Site Director Drugs Employees Out of Frustration at Low Slop Sales







Site Director Drugs Employees Out of Frustration at Low Slop Sales

By Karen Langtavious Sin Quinqleberm
The Mask News Reporter
| Published December 4th, 2022 |

Site-21 FPZ - After a hard day's work, Site-21 employees intermingled in the hallways of the personnel quarters as the intercoms of the site announced that 'Slop Sunday' had begun in the cafeteria. Slop Sunday is a new nutritional program formed by site administration which has seen little success due to remarkably terrible taste. Staff reported seeing Site Director John Merlin not long after the announcement accost several personnel and ordered them to report to the cafeteria.

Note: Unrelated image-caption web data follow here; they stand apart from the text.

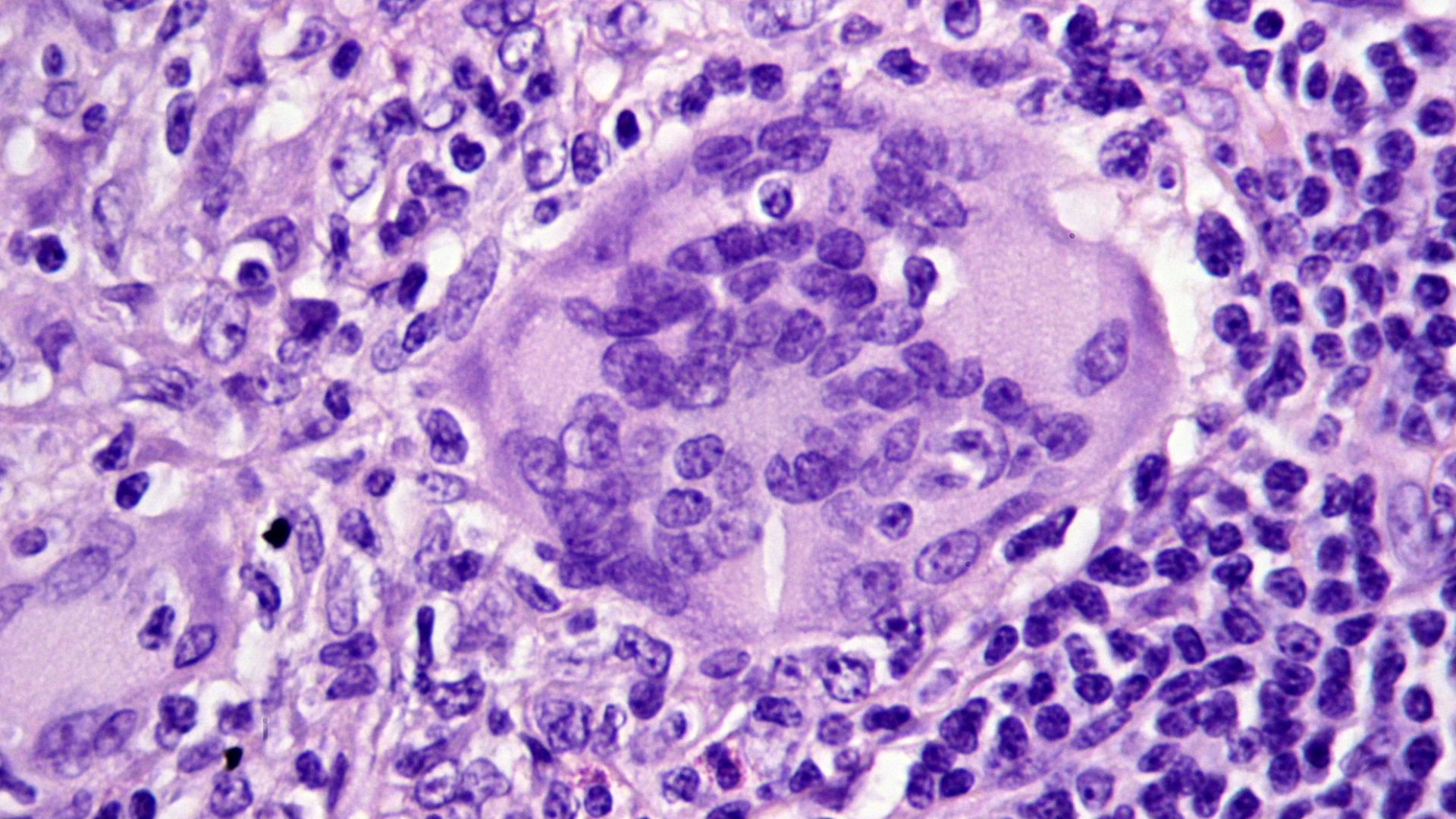 File:Granulomas in an intestinal lymph node in Crohn's disease, HE 4.JPG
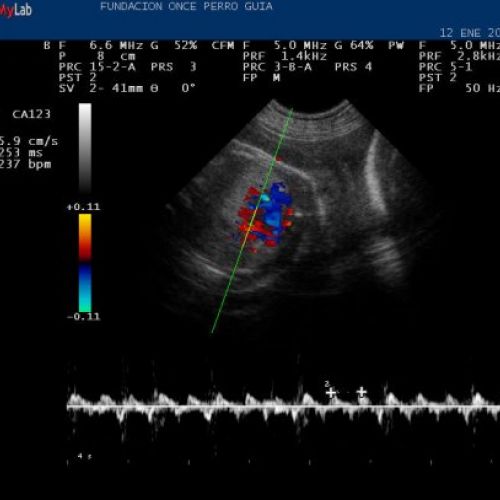 Control gestacional de sufrimiento fetal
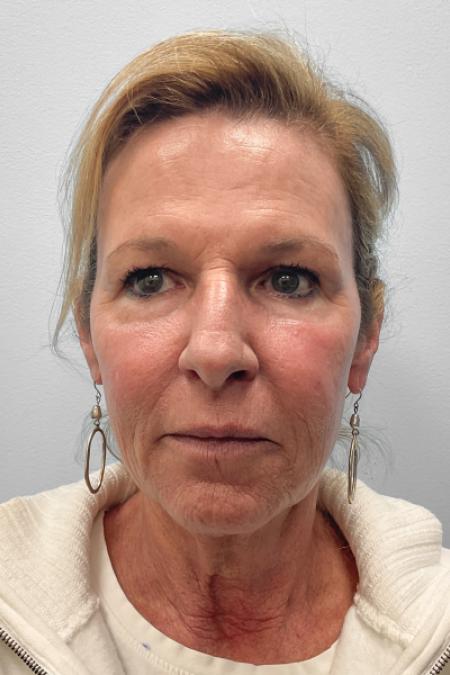 After image 1 Case #123471 - Laser Resurfacing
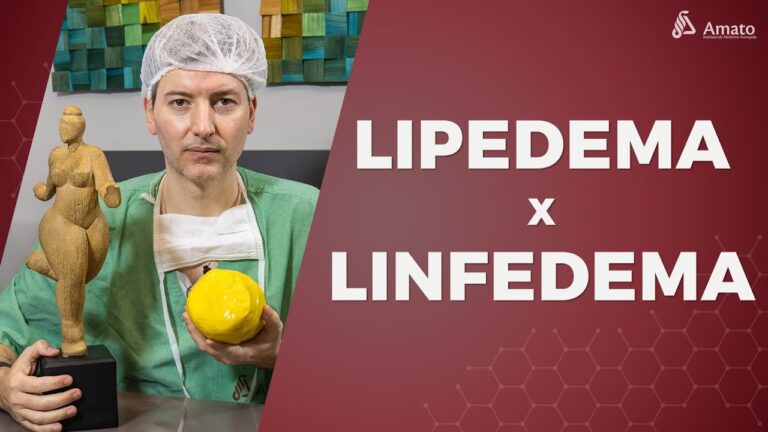 Diferenças entre lipedema e linfedema: Guia Completo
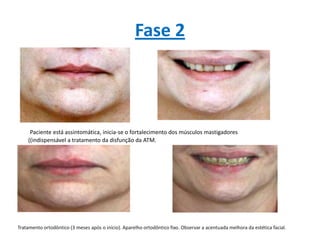 Fase 2
Paciente está assintomática, inicia-se o fortalecimento dos músculos mastigadores
((indispensável a tratamento da disfunção da ATM.
Tratamento ortodôntico (3 meses após o início). Aparelho ortodôntico fixo. Observar a acentuada melhora da estética facial.
 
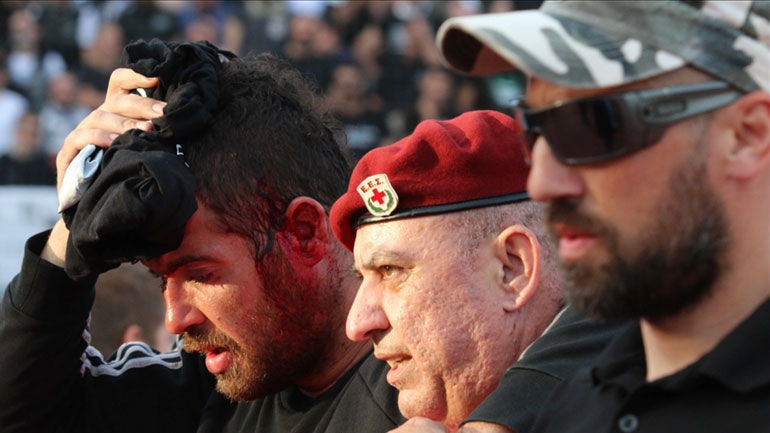 Αιμόφυρτος οπαδός του ΠΑΟΚ που δέχτηκε αντικείμενο στο κεφάλι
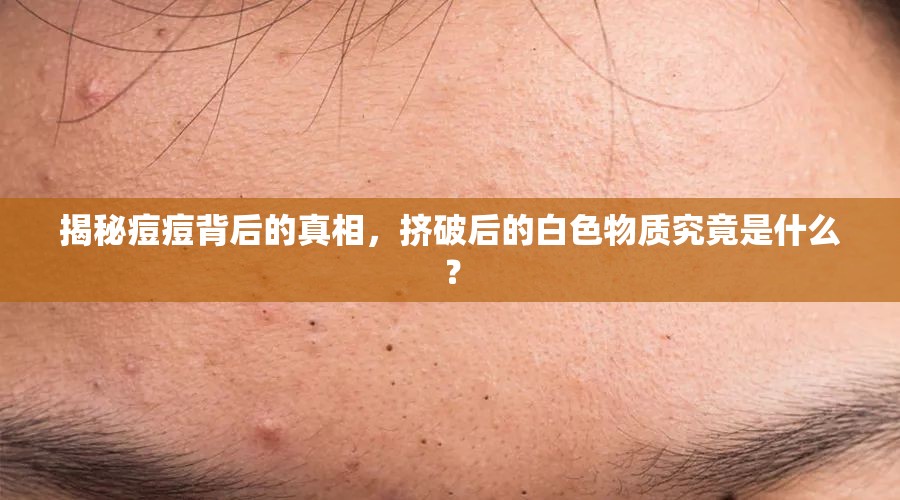 揭秘痘痘背后的真相，擠破后的白色物質(zhì)究竟是什么？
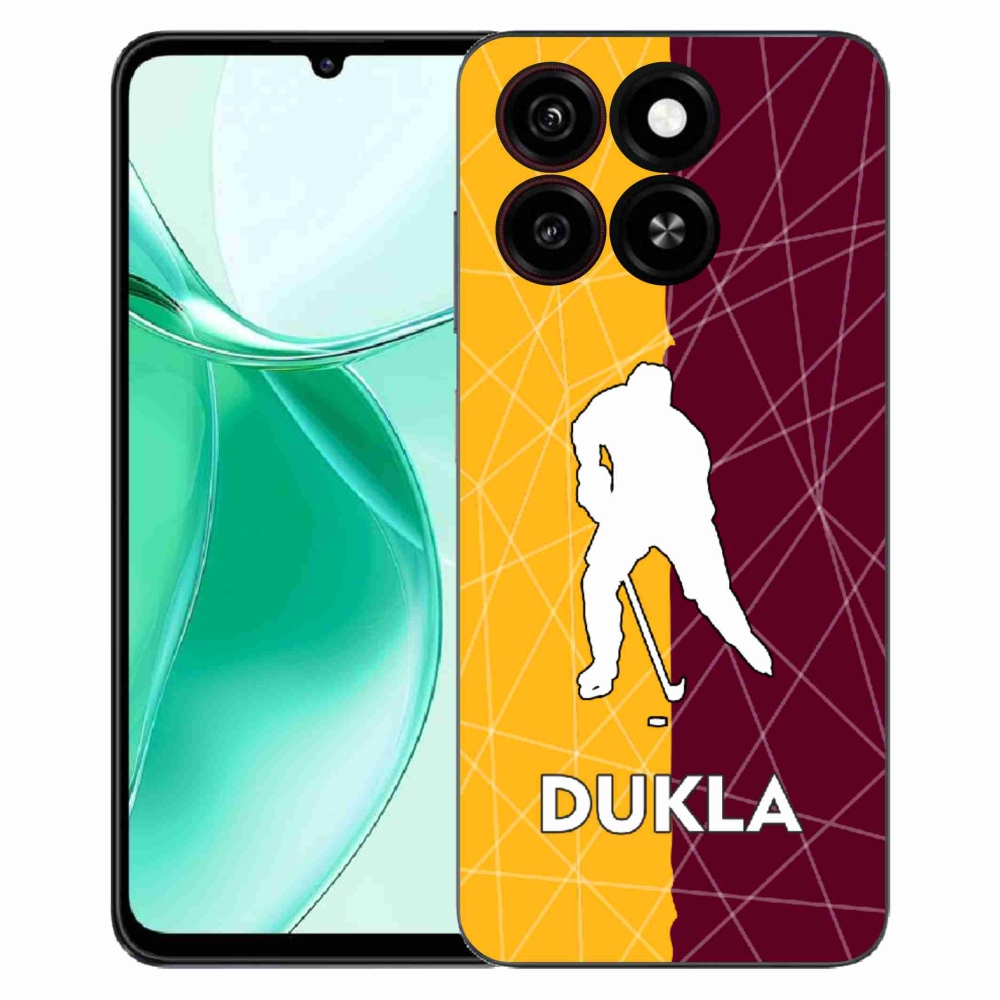 ZTE Blade A35 zselés tok mmCase - Dukla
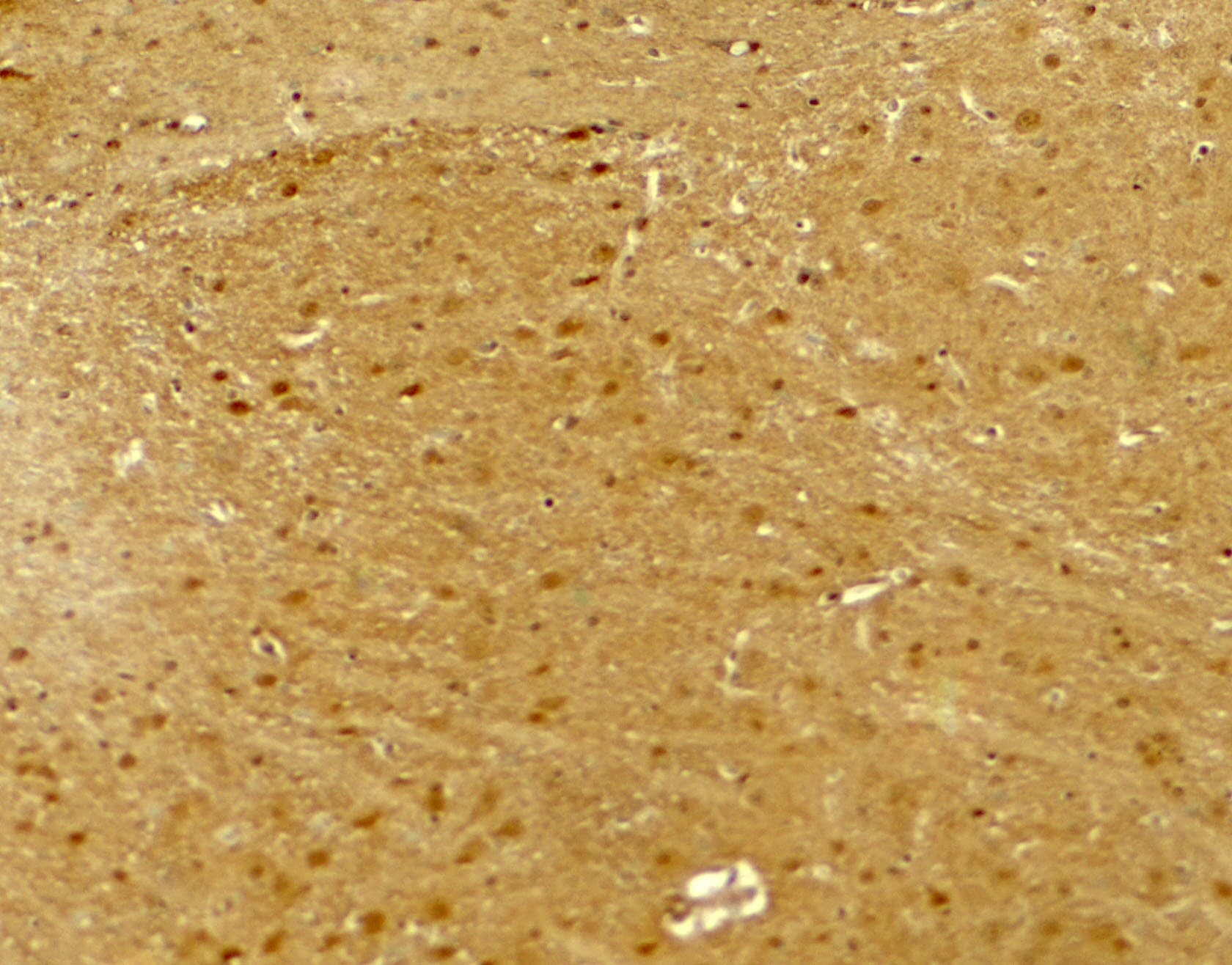 IHC-plus™ NLGN2 / Neuroligin 2 Antibody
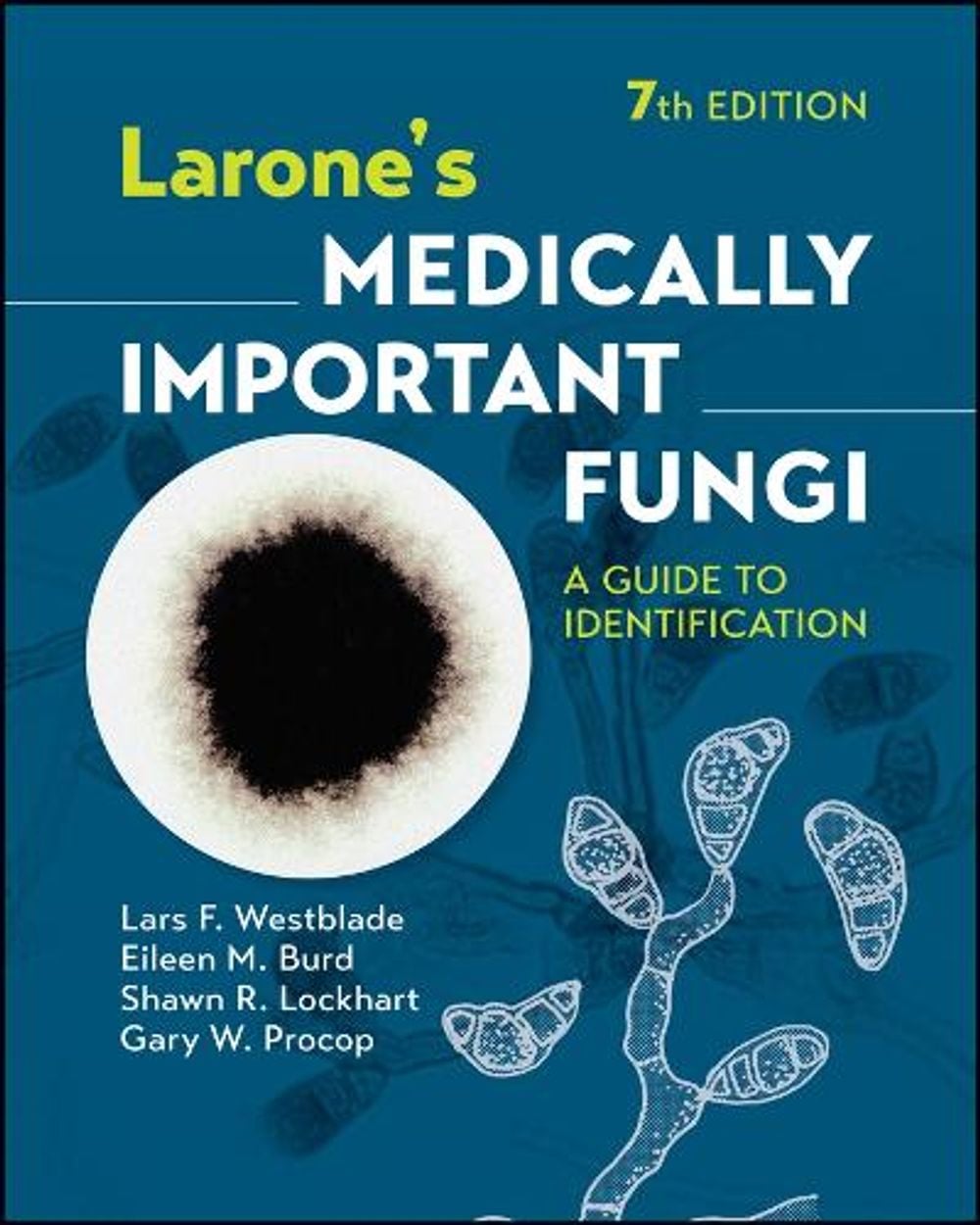 Larone's Medically Important Fungi, 7th Edition by Lars F. Westblade - ISBN: 9781683674405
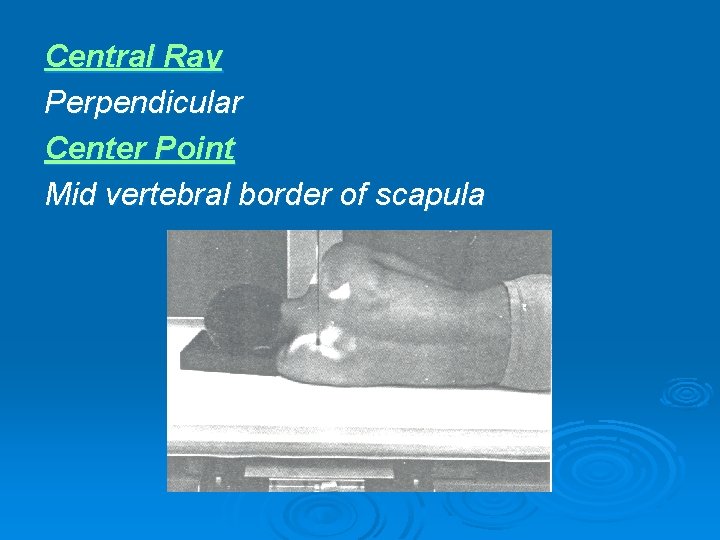 Central Ray Perpendicular Center Point Mid vertebral border of scapula 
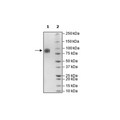 IL-2RG, Avi-His-Tag, Biotin-Labeled Recombinant – Figure 1 of 2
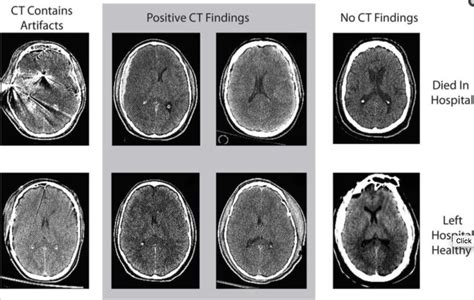 Revealing Latent Value Of Clinically Acquired Cts Of Traumatic Brain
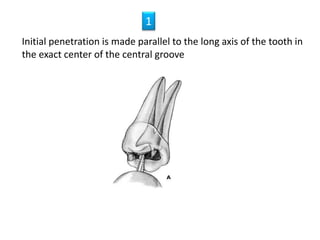 Initial penetration is made parallel to the long axis of the tooth in
the exact center of the central groove
11
 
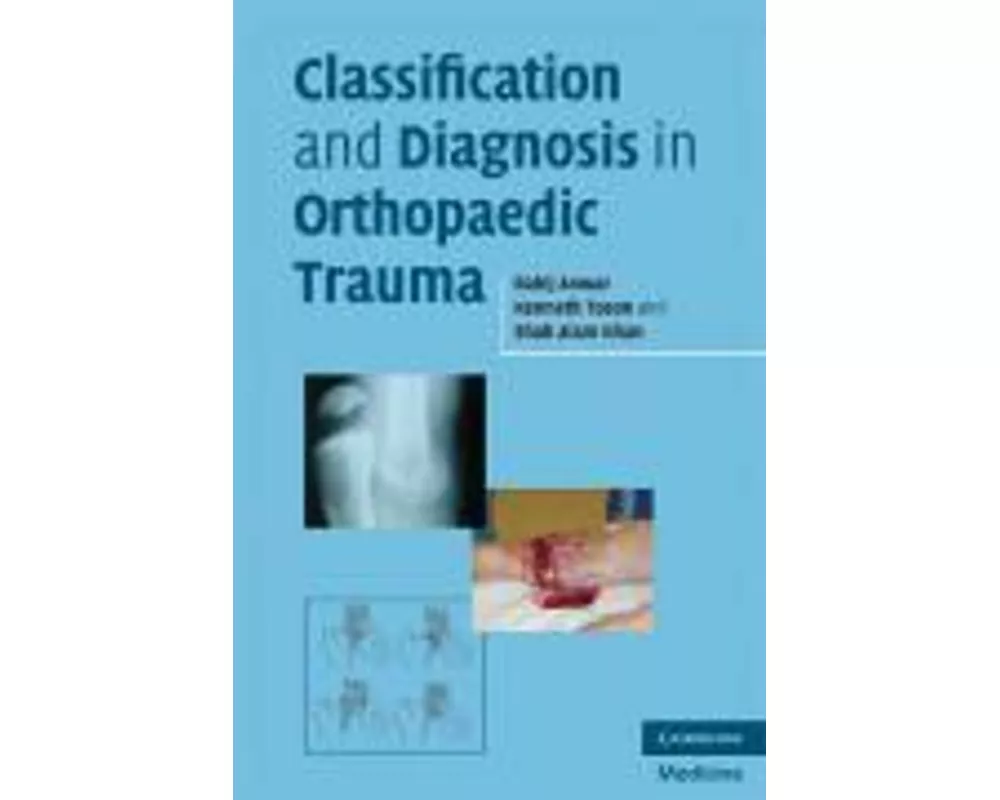 Classification and Diagnosis in Orthopaedic Trauma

"Yeah, I dunno, he was just yelling at them and asking why anyone would even dare pass on a nutritional meal," Immanuel Tygan, Volunteer said. "I personally don't like the stuff, but knowing how passionate he is about it, I don't think anyone is willing to say that to his face."

2022-12-04_15.17.36.png
Picture of the Site Director and Mark Wilson. Source: Purple Guy

Audio recordings recovered from the cafeteria reveal that employees had to resort to pouring cups of coffee and shredding bits of steak to make the taste of the slop tolerable to eat. Further, silent sobbing and prayers were picked up, indicating distress at the mandatory meal.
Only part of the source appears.